Début des années 2010. Dans l’un des centres d’essais secrets du groupe PSA, comme tous les ans, quelques cadres sont invités à découvrir les gammes futures des marques Citroën et Peugeot. DS n’existe pas encore et n’est pour l’heure qu’une « ligne premium » dans la gamme Citroën.
Sur l’esplanade réservée aux modèles Peugeot, il y a là les maquettes en polystyrène des futures 3008 et 5008 – celles qui connaissent aujourd’hui le succès – et, un peu plus à droite, celles d’un projet encore appelé R8 qui deviendra la 508 en 2018.
Derrière ces maquettes, trois dessins de trois silhouettes différentes : celles d’une berline « coupé 5 portes », d’un break volumique et d’un ‘shooting-brake’.

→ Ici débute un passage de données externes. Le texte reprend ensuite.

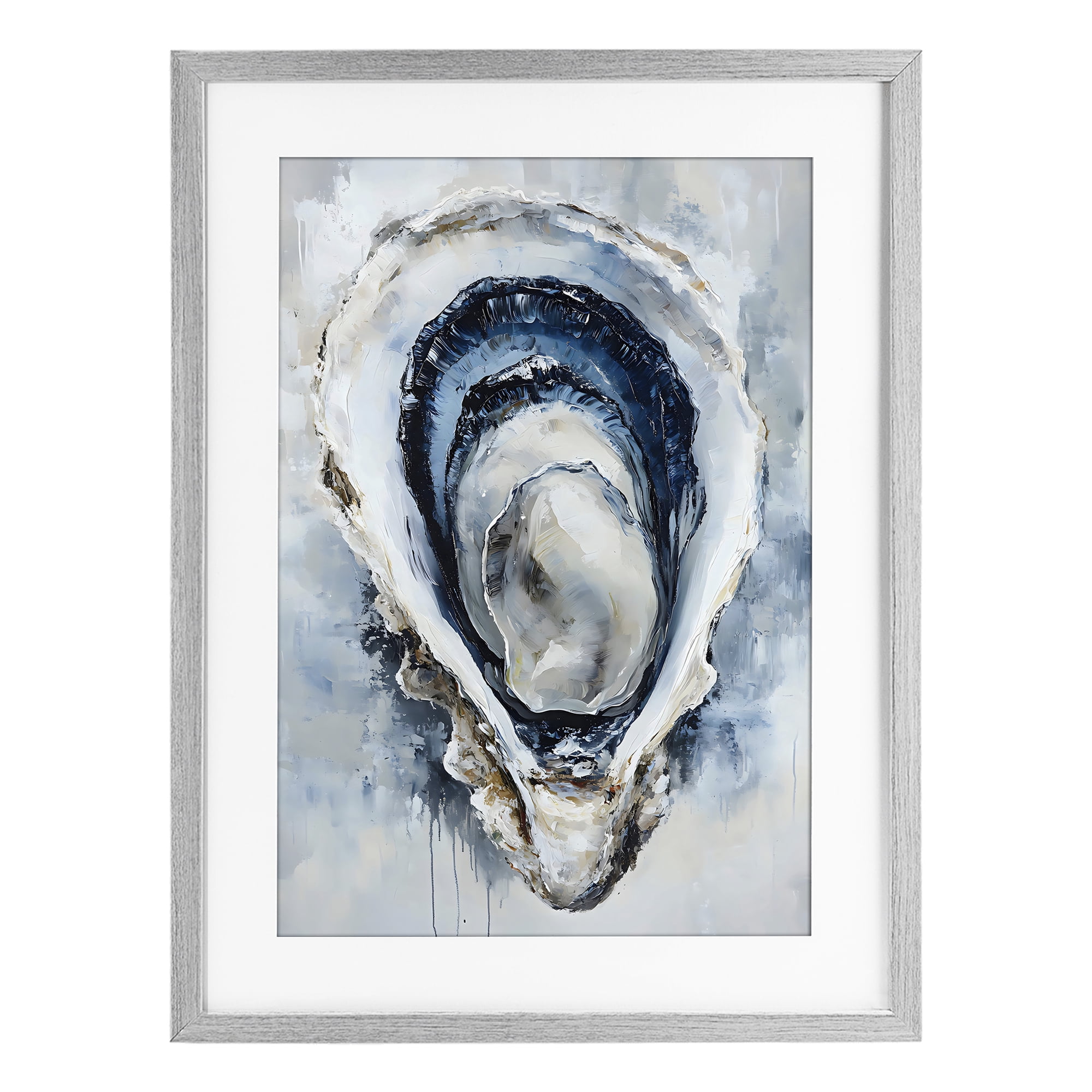 Stupell Industries Blue Oyster Shell Interior Gray Framed Print Under Glass, design by Creative Studio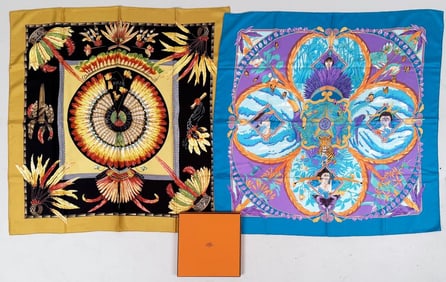 Two Hermes Brazil Theme Silk Scarves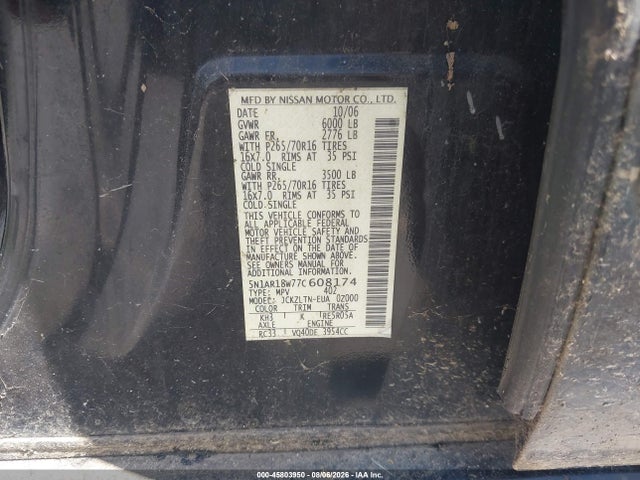 45803950 :رقم المزاد ، 5N1AR18W77C608174 vin ، 2007 Nissan Pathfinder Se مزاد بيع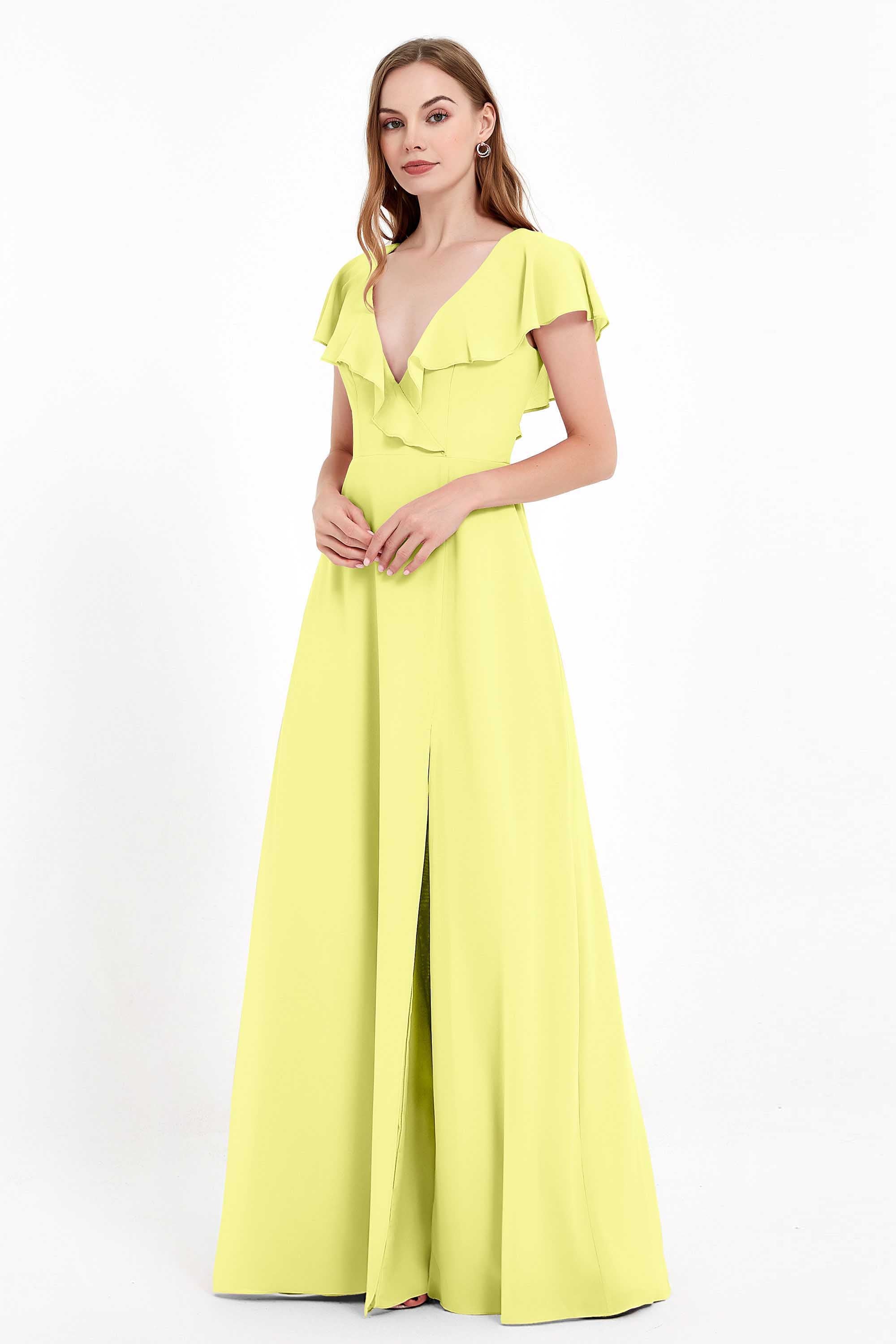 Deep V Neck Chiffon Bridesmaid Dress Flutter Sleeves Formal Evening Dresses Gowns with Slit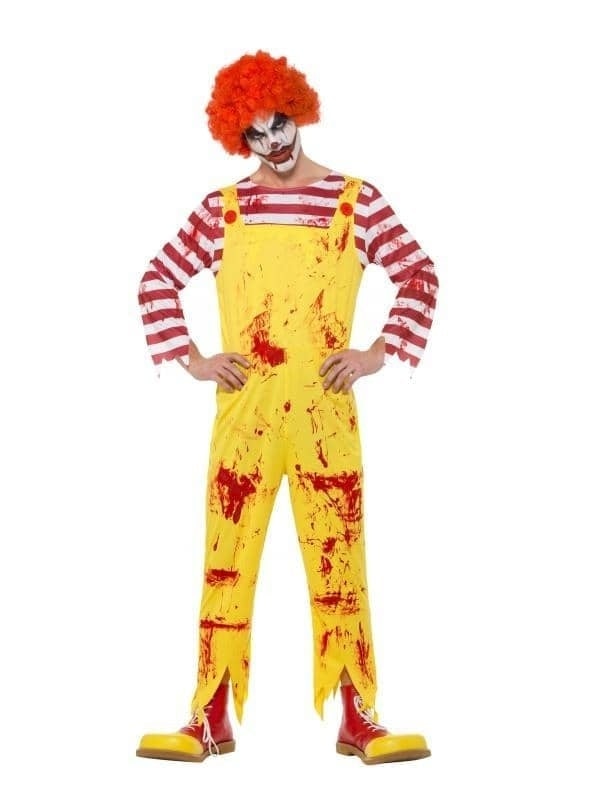 Costumes Australia Kreepy Killer Clown Costume Adult Yellow with Red Jumpsuit_1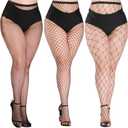 4 x akiido Fishnet Stockings for Women, Black Fishnets Tights Thigh High Stockings Pantyhose, Plus Size Fits All (Black)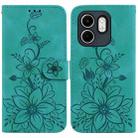 For Infinix Hot 50i / Smart 9 Lily Embossed Leather Phone Case(Green) - 1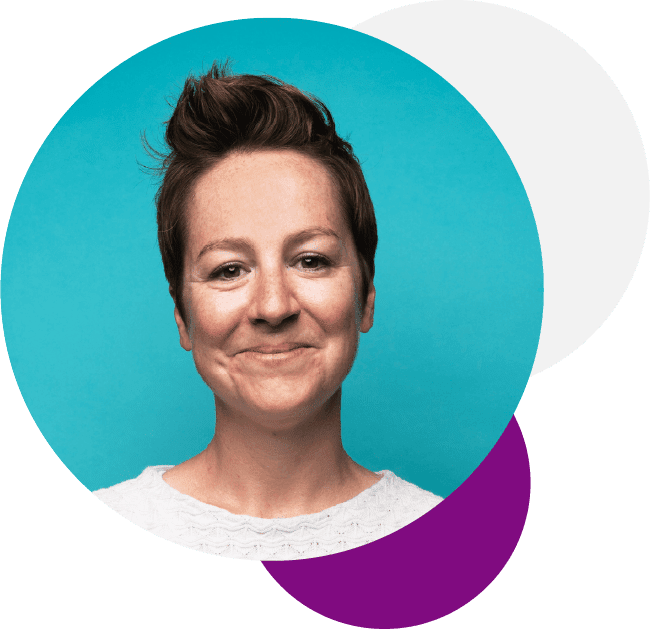 Portrait of a smiling woman with short hair, wearing a white top, against a blue and purple circular background, perfect for a landing page design.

L’un des participants ne cachera pas à certains des invités qu’une autre silhouette est envisagée, reprenant l’intégralité du bloc avant de la plateforme EMP2 du projet R8 pour en dériver un coupé susceptible de renouveler le RCZ.
En 2010, ce dernier, produit en Autriche et voulu par le patron Christian Streiff alors remplacé par Philippe Varin, vient juste d’être commercialisé et déjà, quelques dessins du restylage sont sur les planches du bureau de design Peugeot.
Bref, le renouveau ‘produits’ de Peugeot s’annonce bien mais hélas, il en est alors tout autre de la situation financière du groupe.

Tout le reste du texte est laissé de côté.